Schubert had it right, perhaps, but he also had it fundamentally wrong. It is possible to reach another, if you take the time to cultivate your shared experiences, if you have common joys and sorrows. There is no perfect understanding, perhaps, but nor is there a perfect person. Share your joys, express your sorrows – some may never truly comprehend, but there will be the rare, the few, who look upon you to say, “I get it. I never thought there would be another like me. I understand.” There is no reason not to make the attempt — through song, through word, through smile or tears — to reach another. We are all of the human experience and there is not a one who has never experienced some part of what there is to be found.

When loneliness falls

Loneliness falls like silence; sudden, soft and steady, like a thick winter blanket to muffle sound, impede movement and leave you breathlessly dehydrated. It leaves no room for escape and shrouds you even when you bundle it up and travel with others.

Anyone who tells you loneliness is best avoided by surrounding yourself with others or keeping busy has obviously never experienced it. Loneliness is not endemic of an inability to socialize, it’s an issue of connection. The ties that hold us together are such fragile threads and like silken hair that is knotted, it can slide free and slip away without warning. Understanding someone else and truly connecting with them is a stronger link; the connector to a solid chain. Yet even so, that which has been forged may also be rent asunder.
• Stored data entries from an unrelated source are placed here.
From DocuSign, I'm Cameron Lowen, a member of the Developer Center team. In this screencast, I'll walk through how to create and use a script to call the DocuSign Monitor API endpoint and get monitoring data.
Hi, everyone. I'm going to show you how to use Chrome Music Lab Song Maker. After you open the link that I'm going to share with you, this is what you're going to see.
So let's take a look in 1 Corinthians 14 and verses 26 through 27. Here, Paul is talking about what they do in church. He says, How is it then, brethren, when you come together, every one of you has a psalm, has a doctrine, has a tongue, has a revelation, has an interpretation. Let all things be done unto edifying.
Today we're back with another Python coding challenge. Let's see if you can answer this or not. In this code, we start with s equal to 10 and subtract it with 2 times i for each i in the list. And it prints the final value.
When you lose someone you have truly connected with, the severed link dangles and reconnecting across that damaged chain is impossible. It calls into clarity the quality of your remaining connections and leaves you bereft, no matter how many others surround you and console or sympathize. The loneliness descends and remains with a palpable presence,  forcing a struggle against it for momentum, for clarity, and to free yourself from that binding suffocation.
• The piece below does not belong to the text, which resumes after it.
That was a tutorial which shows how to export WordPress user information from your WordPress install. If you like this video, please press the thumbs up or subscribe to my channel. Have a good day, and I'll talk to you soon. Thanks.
It is real. This sensation isn’t at all a wallowing in self-pity or a device for attention. It forces you to seek others, to seek repair, but only time can grow or strengthen your bonds and attempts at entire replacement are doomed to failure. At some point, the blanket of loneliness may be lifted, but only when you have bonds solid enough to bear the weight.

Time and Tensors

There are times in everyone’s lives when a change inexorably affects a person. Something simple and small has sweeping and overwhelming impact. When an item is left on the ground, is forgotten, or found, you may find a tug and pull upon invisible threads of relationships tied to that item which causes you to then become a part of a new equation. For example, a bracelet found lying upon the ground may compel you to check if anyone has lost it. You might want it for a girlfriend or someone else, but the original owner may come around, searching. Suddenly you are linked. It may be as simple as five minutes talking to a stranger, it may be a life – long friendship’s starting source.

Tensors. Unfortunately, as easy as it is for this to occur with a discovery, it is equally likely with the absence or loss of an item. When you lose a person, the impact is even more profound.
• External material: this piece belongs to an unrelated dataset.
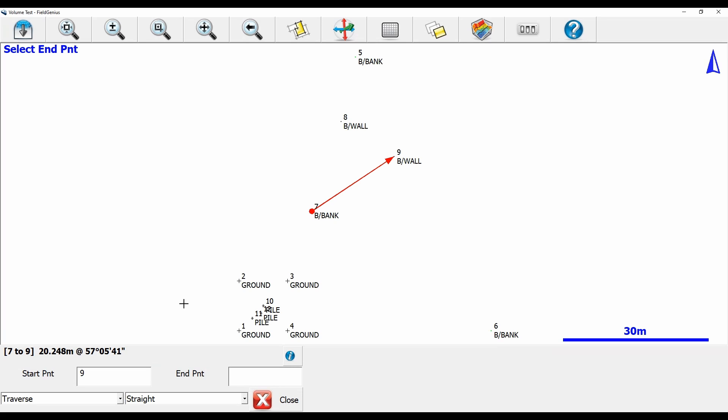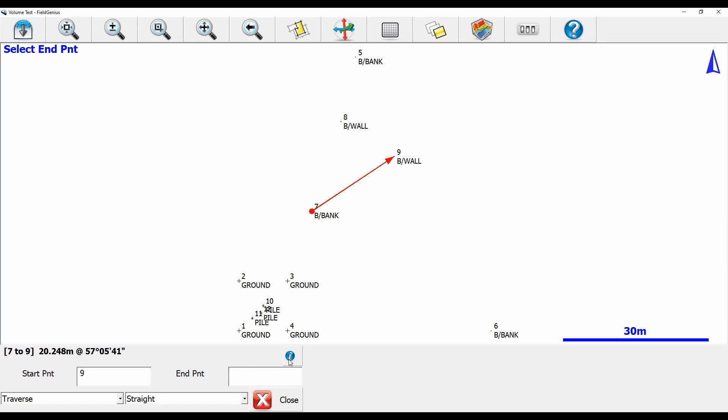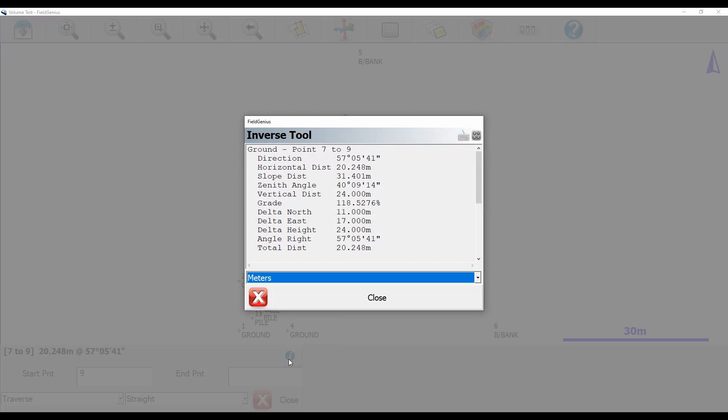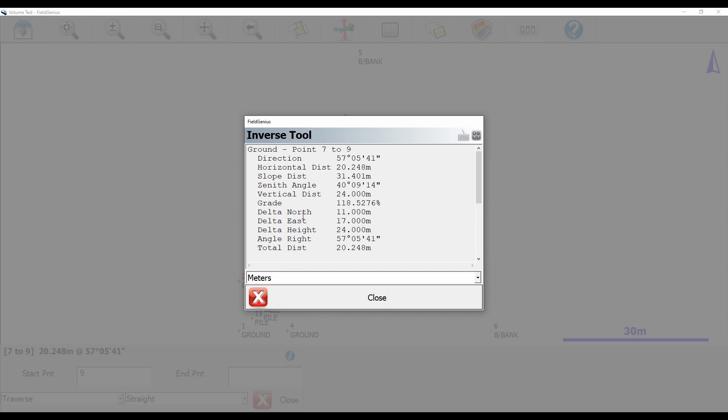So what I'm going to do is I'm going to hit this info button here, and you're going to see here that I get quite a bit more information on my inverse tool. You can see that I've got from point 7 to 9, I've got a direction or horizontal distance, a slope distance, a zenith angle, and a whole bunch of other information. So if you need a bit more information that isn't shown in your inverse tool, this little info button is a great way to see that information.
Grief is only the small part of a loss. It agonizes and aches, but it can only last for so long. The human body is not designed to endure such trauma unabated. At first, it feels as if there might never be respite. I’ve found myself swearing that there could not, even should not be such relief! It is unthinkable, impossible and irrational that it should end. After all, a person is not something you just set aside or forget.

And yet, time passes and the pain eases from sharp agony into an ache that ebbs and flows like a tide. The ache may bring you new friendships and relationships,  but nothing is ever quite the same. The lonely reminders live on. Little notions I want to share have no recipient any longer, so in memory of my tensor, I begin to write.